Westrock Coffee Company (NASDAQ: WEST) (“Westrock Coffee” or the
“Company”), a leading integrated coffee, tea, flavors, extracts,
and ingredients solutions provider in the United States, today
announced the expiration and results of its previously announced
exchange offer (the “Offer”) and consent solicitation (the “Consent
Solicitation”) relating to its outstanding (i) public warrants
to purchase shares of common stock of the Company, par value $0.01
per share (“common shares”), which warrants trade on The Nasdaq
Global Market under the symbol “WESTW” (the “public warrants”), and
(ii) private placement warrants to purchase common shares (the
“private placement warrants” and, together with the public
warrants, the “warrants”).
The Offer and Consent Solicitation expired at
5:00 p.m., Eastern Time, on September 26, 2024 (the “Expiration
Date”).
The Company has been advised that as of the
Expiration Date, (x) 16,676,541 outstanding public warrants were
validly tendered and not validly withdrawn in the Offer and Consent
Solicitation, representing approximately 97.42% of the public
warrants and (y) 2,026,046 outstanding private placement warrants
were validly tendered and not validly withdrawn in the Offer and
Consent Solicitation, representing 100% of the private placement
warrants. The Company expects to accept all validly tendered
warrants for exchange and settlement on or about September 30,
2024.
In addition, pursuant to the Consent
Solicitation, the Company has received the approval of holders of
approximately 97.42% of the outstanding public warrants and 100% of
the outstanding private placement warrants to amend the Warrant
Agreement (“Amendment No. 1”), which exceeds (x) the required 50%
threshold of the outstanding public warrants required to amend the
Warrant Agreement with respect to the public warrants and (y) the
required 50% threshold of the outstanding private placement
warrants required to amend the Warrant Agreement with respect to
the private placement warrants. Amendment No. 1 will permit the
Company to require that each public warrant and each private
placement warrant that is outstanding upon settlement of the Offer
be converted into 0.261 common shares, which is a ratio 10% less
than the exchange ratio applicable to the Offer.

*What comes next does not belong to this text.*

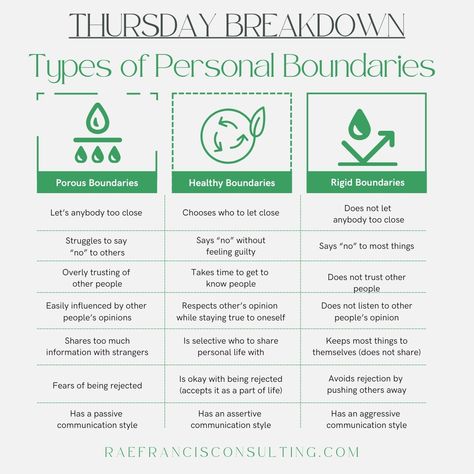 Setting boundaries is a balance. How do you know when your boundaries are in the right place?  #HealthyBoundaries #SelfGrowth #PersonalDevelopment #MentalWellness #EmotionalHealth #settingboundaries Boundaries Template, Boundaries List, Holiday Boundaries, Types Of Boundaries, Dating Boundaries, Physical Boundaries, Relationship Boundaries, Personal Boundaries, Healthy Boundaries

The Company expects to execute Amendment No. 1
concurrently with the settlement of the Offer, and thereafter
expects to exercise its right in accordance with the terms of
Amendment No. 1, to exchange all of the remaining untendered
warrants for common shares, following which, no warrants will
remain outstanding.
The Company engaged Stifel, Nicolaus &
Company, Incorporated as the dealer manager for the Offer and
Consent Solicitation, D.F. King & Co., Inc. as the information
agent for the Offer and Consent Solicitation, and Computershare
Inc. and its affiliate, Computershare Trust Company, N.A, as the
exchange agent for the Offer and Consent Solicitation.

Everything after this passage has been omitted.